- [WHAT IS BEING ASKED] Once you find the line with "Purple, pink and" in the data below, transcribe exactly each line from there to the line with "Harris Googe taking", inclusive, and nothing else. Drop the pictures.

- [RECORDED DATA]
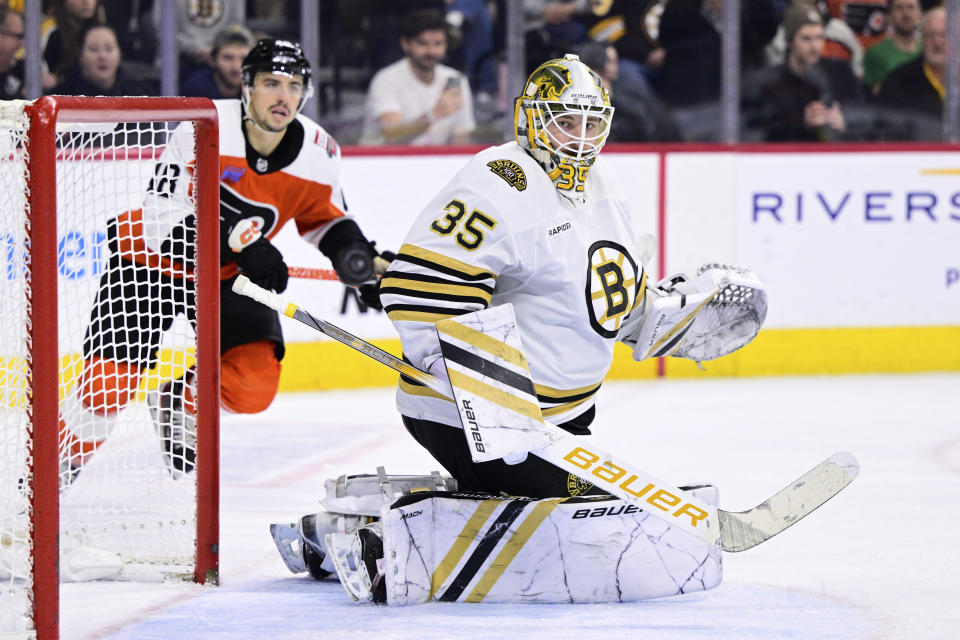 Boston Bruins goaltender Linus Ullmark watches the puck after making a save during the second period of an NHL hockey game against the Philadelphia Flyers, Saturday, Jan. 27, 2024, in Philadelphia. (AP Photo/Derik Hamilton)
---
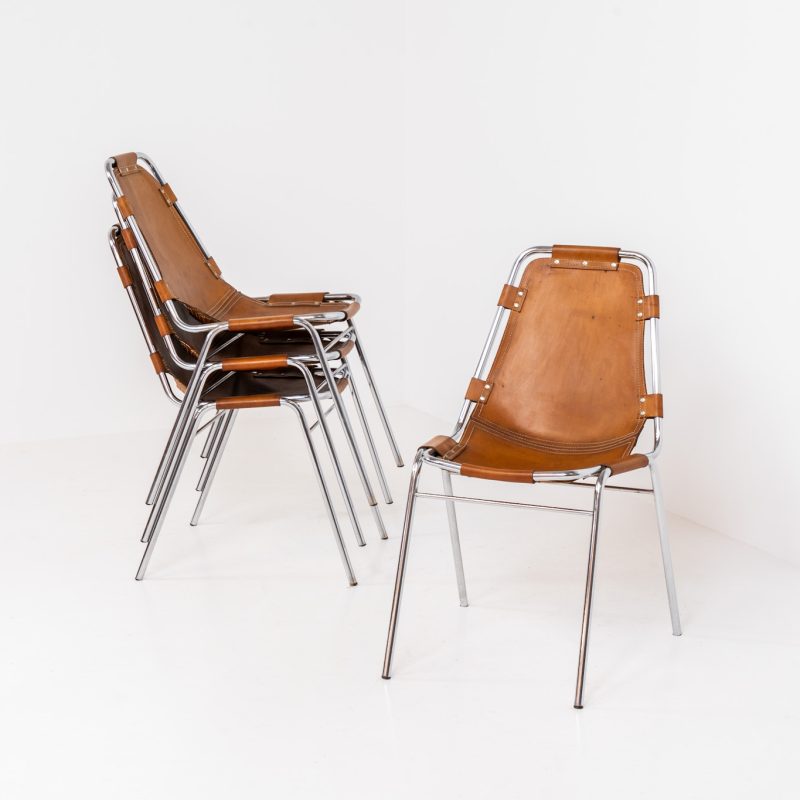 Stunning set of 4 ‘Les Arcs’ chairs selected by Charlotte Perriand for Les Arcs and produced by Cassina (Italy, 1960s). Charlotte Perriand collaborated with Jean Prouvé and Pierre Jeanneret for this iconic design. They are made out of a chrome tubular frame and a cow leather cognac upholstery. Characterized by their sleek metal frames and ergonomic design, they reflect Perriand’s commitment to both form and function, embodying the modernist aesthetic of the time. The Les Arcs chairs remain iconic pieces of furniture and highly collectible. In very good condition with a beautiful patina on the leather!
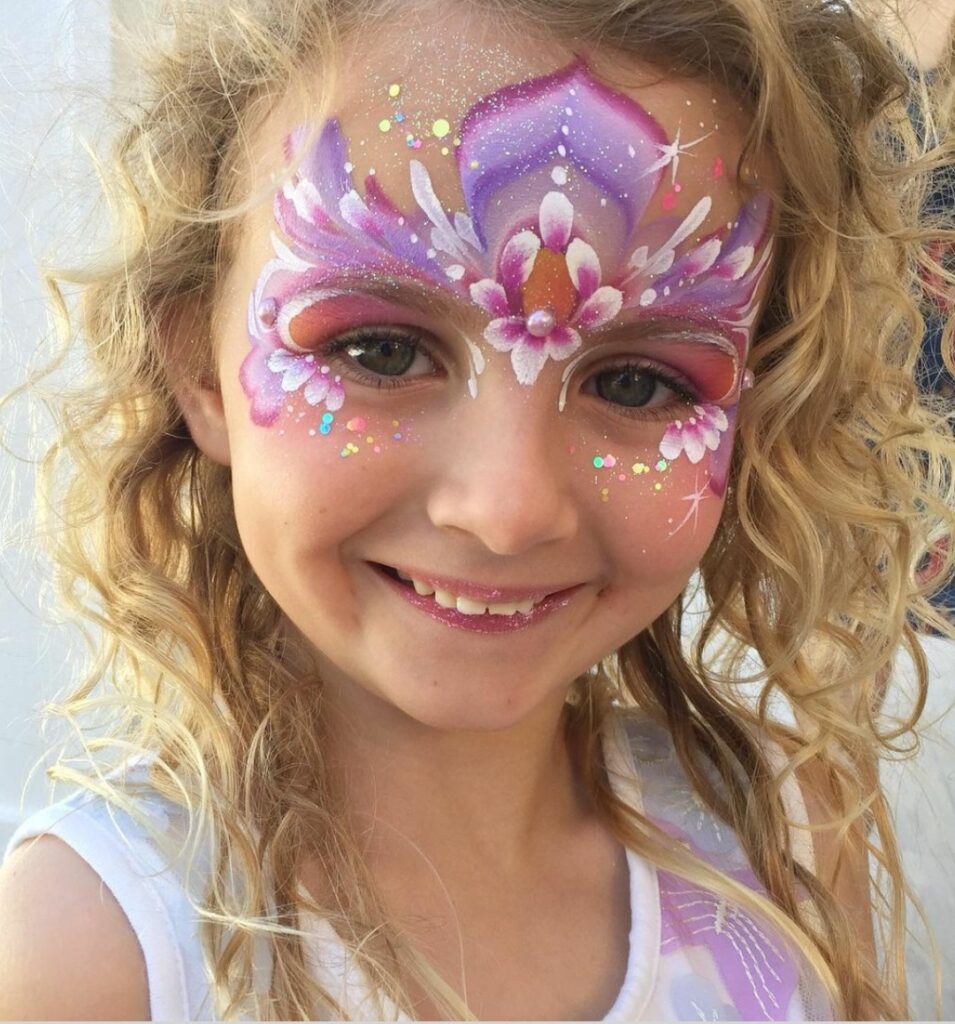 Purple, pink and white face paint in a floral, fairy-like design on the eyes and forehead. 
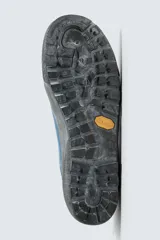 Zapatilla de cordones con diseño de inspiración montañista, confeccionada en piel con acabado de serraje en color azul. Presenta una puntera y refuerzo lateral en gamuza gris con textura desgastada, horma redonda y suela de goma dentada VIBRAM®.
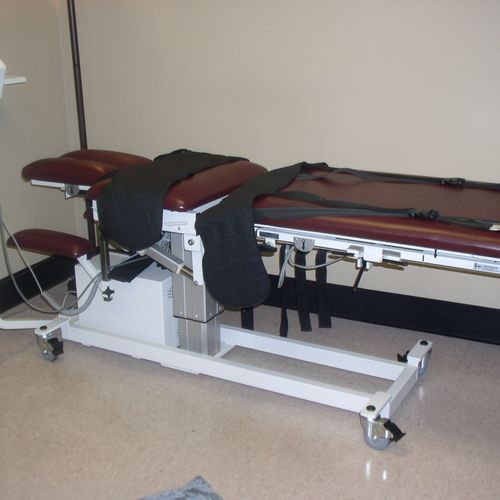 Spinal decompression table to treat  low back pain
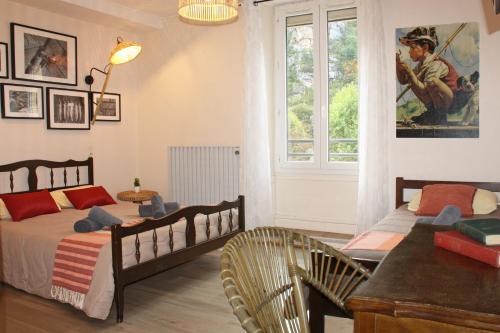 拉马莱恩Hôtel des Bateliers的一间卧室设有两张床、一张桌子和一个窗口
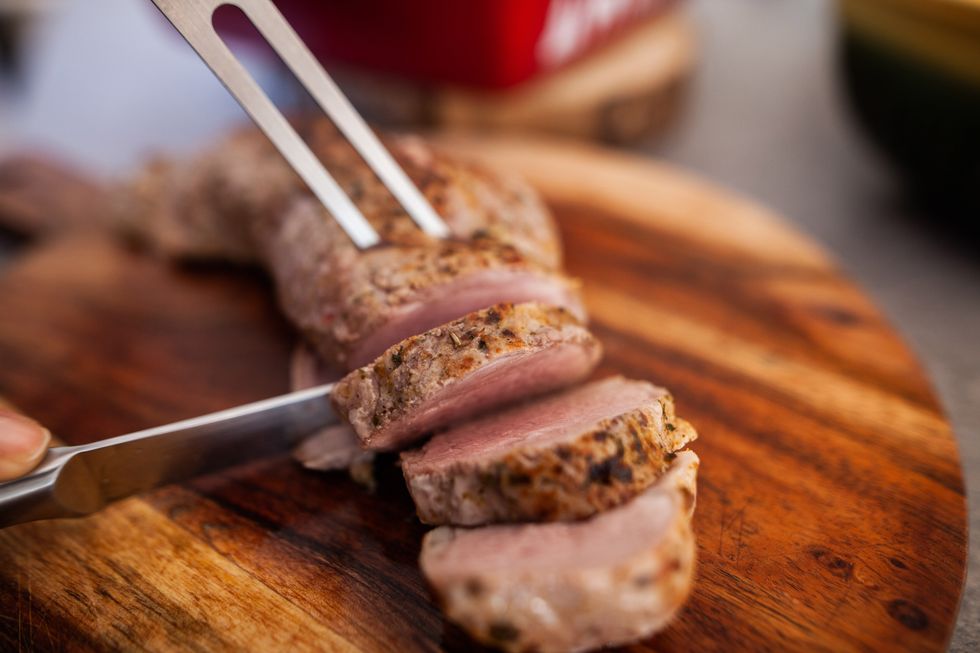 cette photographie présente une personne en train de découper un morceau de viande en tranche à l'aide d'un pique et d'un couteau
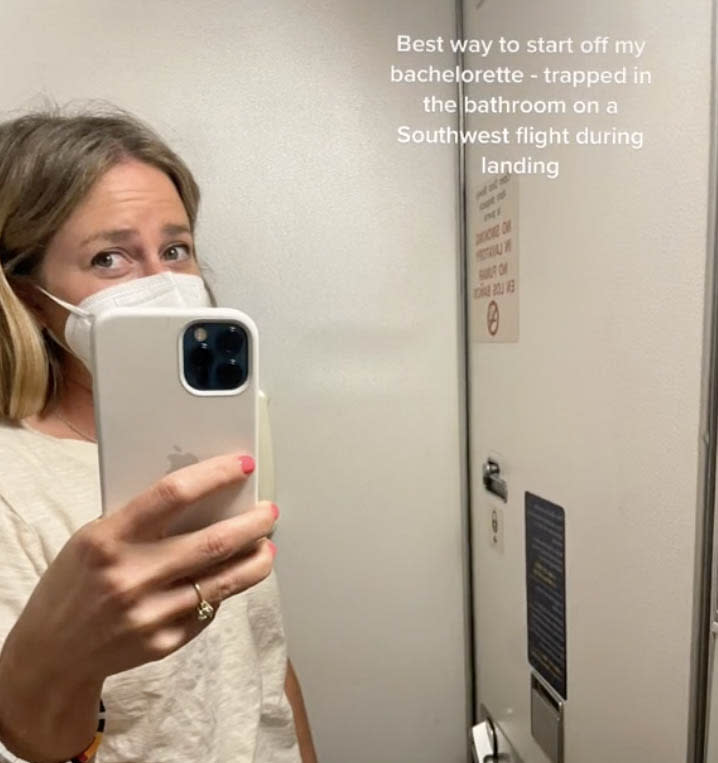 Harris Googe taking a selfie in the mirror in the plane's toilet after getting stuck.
==
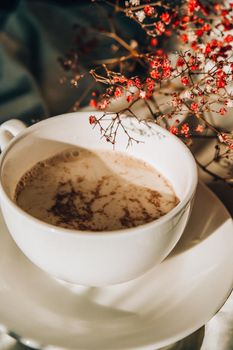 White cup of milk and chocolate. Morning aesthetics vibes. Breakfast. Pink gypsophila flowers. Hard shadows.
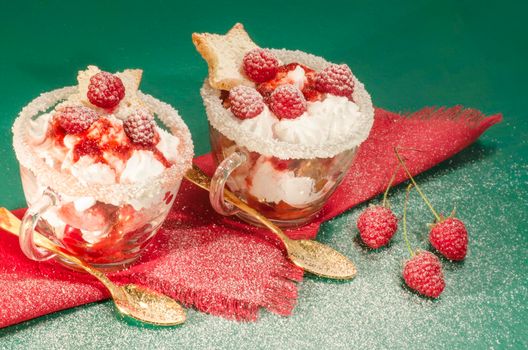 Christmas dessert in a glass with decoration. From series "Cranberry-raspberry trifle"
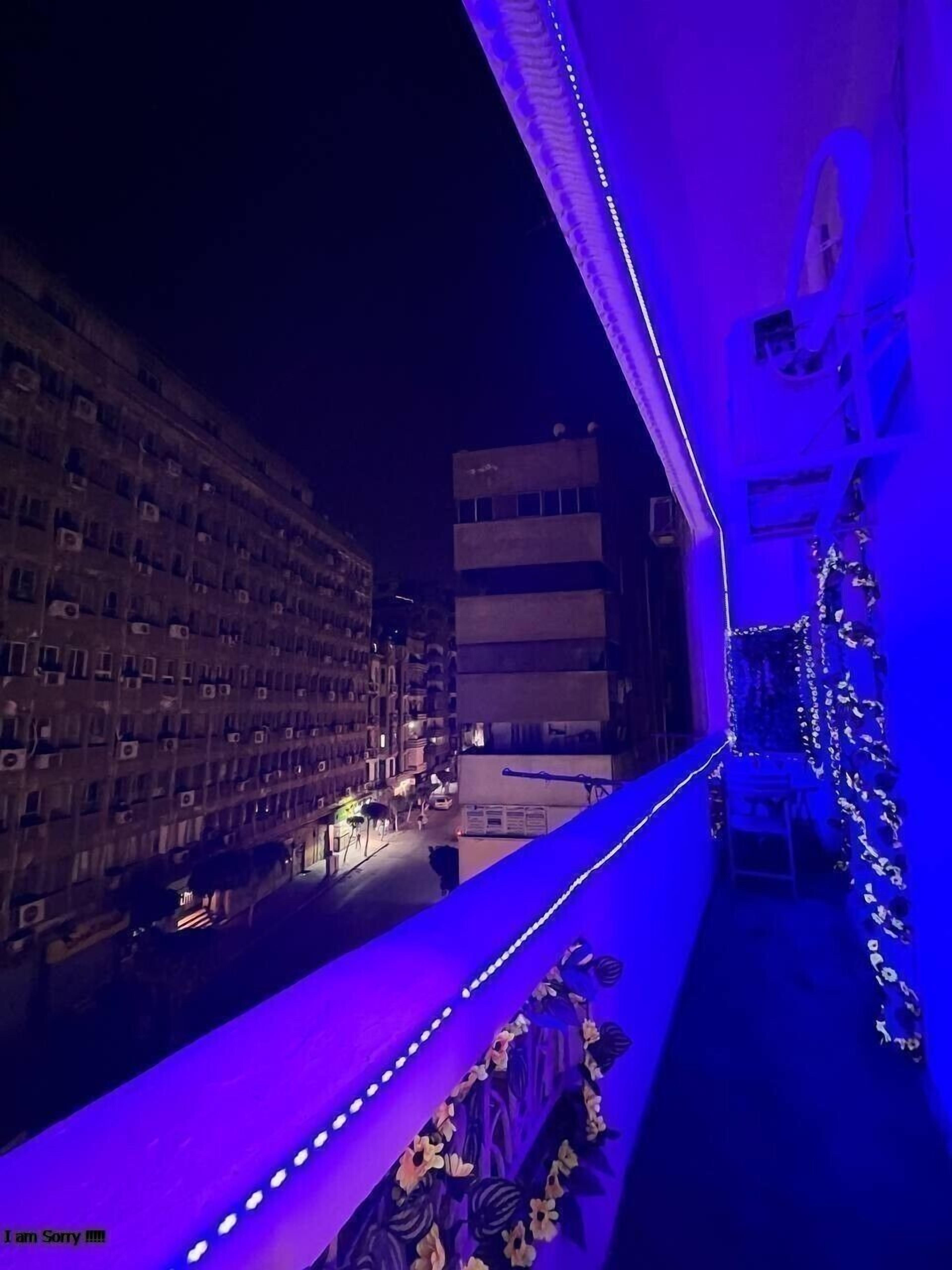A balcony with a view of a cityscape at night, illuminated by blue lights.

- [FINAL ANSWER]
 Purple, pink and white face paint in a floral, fairy-like design on the eyes and forehead. 
 Zapatilla de cordones con diseño de inspiración montañista, confeccionada en piel con acabado de serraje en color azul. Presenta una puntera y refuerzo lateral en gamuza gris con textura desgastada, horma redonda y suela de goma dentada VIBRAM®.
 Spinal decompression table to treat  low back pain
 拉马莱恩Hôtel des Bateliers的一间卧室设有两张床、一张桌子和一个窗口
 cette photographie présente une personne en train de découper un morceau de viande en tranche à l'aide d'un pique et d'un couteau
 Harris Googe taking a selfie in the mirror in the plane's toilet after getting stuck.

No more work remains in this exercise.